# [Task description]
Exclude the images, then return every line below exactly as written.

# [Provided material]
···
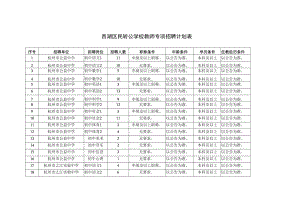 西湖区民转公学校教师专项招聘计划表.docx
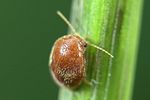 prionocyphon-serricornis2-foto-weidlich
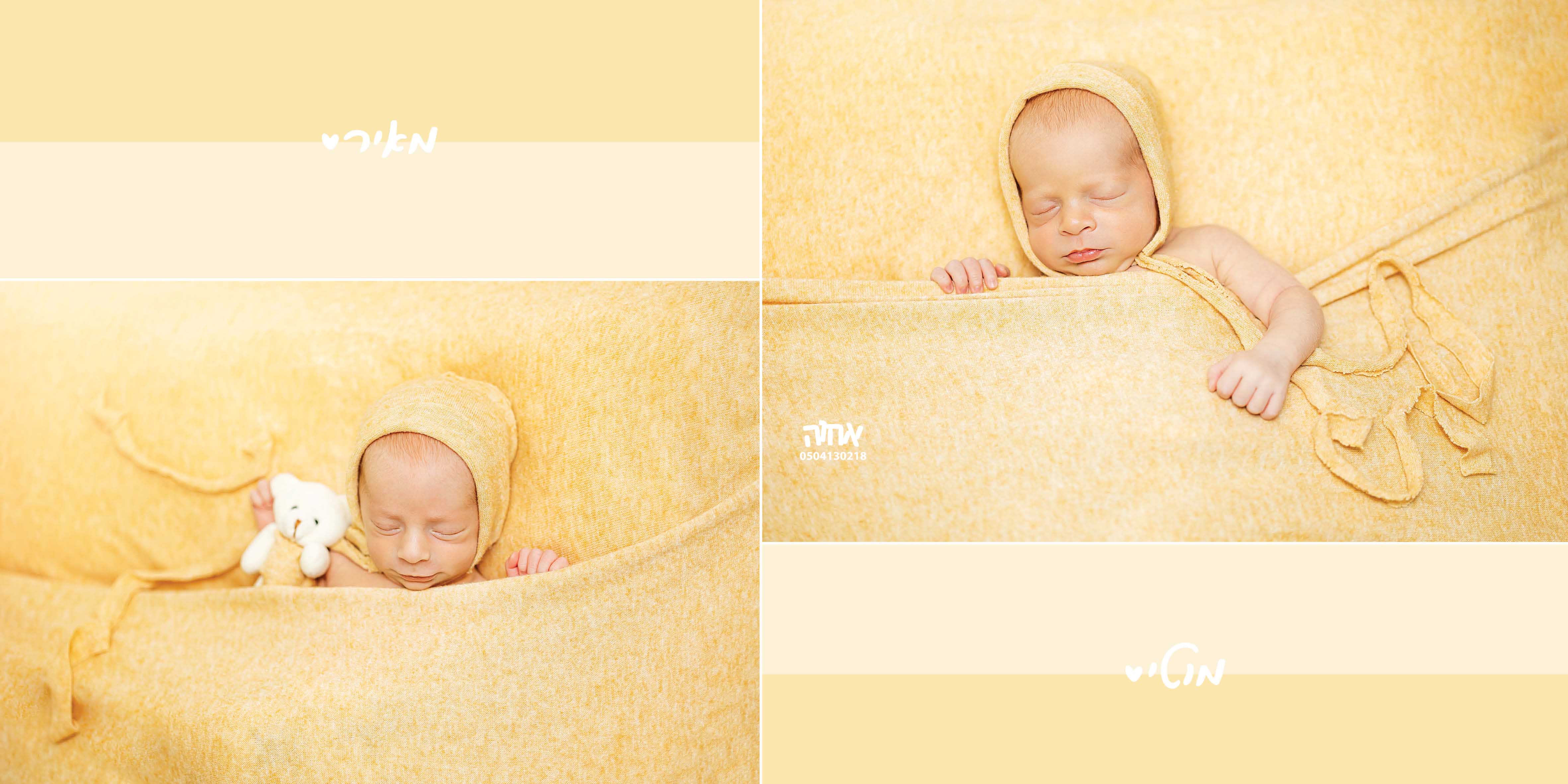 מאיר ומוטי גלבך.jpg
···
# [Answer for this exercise]
 西湖区民转公学校教师专项招聘计划表.docx
 prionocyphon-serricornis2-foto-weidlich
 מאיר ומוטי גלבך.jpg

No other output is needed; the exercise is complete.